Nowy tydzień rozpoczyna się od utrwalenia umocnienia PLN, i to mimo niższego od prognoz odczytu indeksu PMI z Polski czy pogorszenia nastrojów na rynkach Kurs EURPLN po imponującym spadku w piątek o ponad 4 grosze do 4,42, dzisiejsze notowania rozpoczynał próbą zejścia do 4,41.

Umocnienie to trudno na razie oceniać jako początek głębszej korekty styczniowego osłabienia złotego, choć warto mieć na uwadze, że nowy miesiąc często sprzyja zmianom nastrojów na rynkach. O tym, czy jego piątkowe umocnienie będzie trwałe, zadecydują prawdopodobnie nastroje na globalnych rynkach, które z kolei determinowane są wciąż w dużej mierze doniesieniami z Chin i notowaniami ropy naftowej.

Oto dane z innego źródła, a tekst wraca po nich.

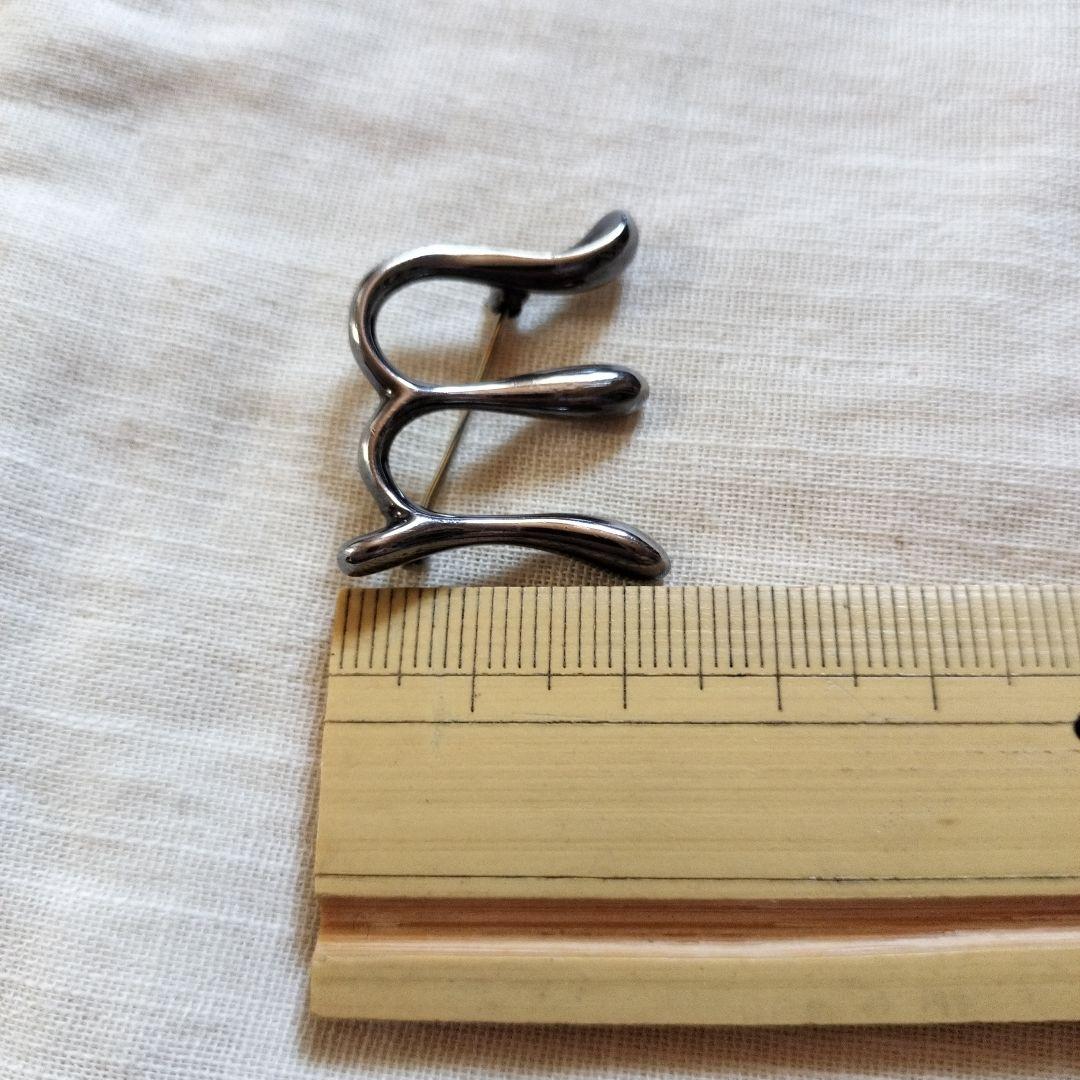 ティファニー　イニシャルブローチ　M ラージ925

Dzisiejsze odczyty indeksów PMI dla usług i przemysłu Państwa Środka nie przyniosły wzrostu optymizmu. W dalszej części tygodnia może również znaleźć się sporo impulsów do zmian nastrojów na rynkach i tradycyjnie na początku nowego miesiąca uwagę inwestorów przykują piątkowe dane z rynku pracy w USA. Ale nawet w razie utrzymania nieco lepszego sentymentu na rynkach globalnych wyzwaniem dla EURPLN może być pokonanie bariery 4,40, tym bardziej, że ryzyko polityczne i spekulacje o kolejnej obniżce ratingu Polski pozostają w tle. Testem zaufania inwestorów zagranicznych do naszej gospodarki będzie czwartkowa aukcja polskiego długu.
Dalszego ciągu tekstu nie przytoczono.